Tout cela a été possible grâce au discernement communautaire.
La première chose à faire était d’en parler lors d’une réunion de communauté, pour que chacun puisse être au courant du projet et pour qu’une fois tous d’accord, chacun puisse apporter sa contribution. Notre engagement était de ne pas nous limiter à ouvrir un lieu où pratiquer la charité, mais de faire un choix clair et net en faveur des périphéries. Et l’une des ces périphéries, ce sont les personnes qui vivent dans la rue et dans un contexte social précaire.
C’est ainsi qu’à la mi-septembre est arrivé un camion rempli de sable et que dans les vieux sanitaires de la paroisse ont commencé les travaux de démolition et de restructuration, de façon à pouvoir mettre en place deux douches, deux lavabos et des sanitaires, tout en conservant un espace réservé à la paroisse.
Certes, les “Douches du Sacré Cœur” ne sont ni la première ni l’unique expression de miséricorde de l’archidiocèse de Buenos Aires ni de Bétharram.
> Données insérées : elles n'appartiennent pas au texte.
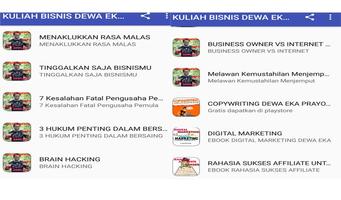 KULIAH BISNIS DEWA EKA PRAYOGA Affiche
Mais cette initiative se distingue de deux manières : la première est le fait d’être née du désir d’imiter le geste accompli par le pape François à Rome ; la deuxième tient au fait qu’il ne s’agit pas à proprement parler d’une activité pastorale de l’Église. Autrement dit : les bénévoles, les personnes qui viennent vers nous et celles qui utilisent ce service ne sont pas tous chrétiens. De plus, la construction et la restructuration des salles d’eau ont été réalisées par une entreprise dont le propriétaire est un « frère aîné dans la foi ». Son père et lui sont juifs et ont œuvré gratuitement à la construction de salles d’eau dans une église catholique.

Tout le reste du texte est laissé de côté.